相撲界に初めて「優勝」という概念が登場

 事実、国技館初の本場所2日目は日曜日だったため、早朝から続々と観客が詰め掛け「午後2時10分、1万7千人を算し、満員札止めの盛況」(明治42年6月7日、時事新報)と報じられている。

 それまでの小屋掛けの時代は超満員でも3000人ほどだったので、一挙に5倍以上の観客を動員できるようになったことになる。

 江戸時代からのムシロ張りの小屋掛け時代は、晴天10日興行。雨や雪が降れば順延となり、10日の興行が1か月近くかかったこともあった。晴雨にかかわらず本場所が行えるようになり、協会の経営基盤は安定した。

 国技館の開館を契機として、いくつかのルール改正とともに新制度も確立した。10日興行は変わらなかったものの、幕内力士は必ず千秋楽を休場するというそれまでの慣習を改め、皆勤を義務づけた。行司の装束もそれまでの裃姿から、現在のように烏帽子直垂姿に改められた。

 また、普及し始めていた西洋スポーツの影響もあり、相撲界に初めて優勝という概念が導入された。ただし協会が制定したのは、個人の優勝制度ではなかった。

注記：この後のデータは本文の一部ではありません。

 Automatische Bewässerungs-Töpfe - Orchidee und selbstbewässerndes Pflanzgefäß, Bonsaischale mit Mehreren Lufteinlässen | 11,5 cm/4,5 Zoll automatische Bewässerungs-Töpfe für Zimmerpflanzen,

 相撲は古来、二つの勢力に分かれて戦うものだった。平安時代の相撲節会では、力士は左右の近衛府に分類され、それぞれ左相撲(左方)、右相撲(右方)と呼ばれていた。江戸の勧進相撲も節会時代からの伝統は守られ、東と西に分かれ、東方の力士は西方の力士としか対戦せず、同じ方屋同士の対戦はなかった。こうした伝統は昭和初期まで続いた。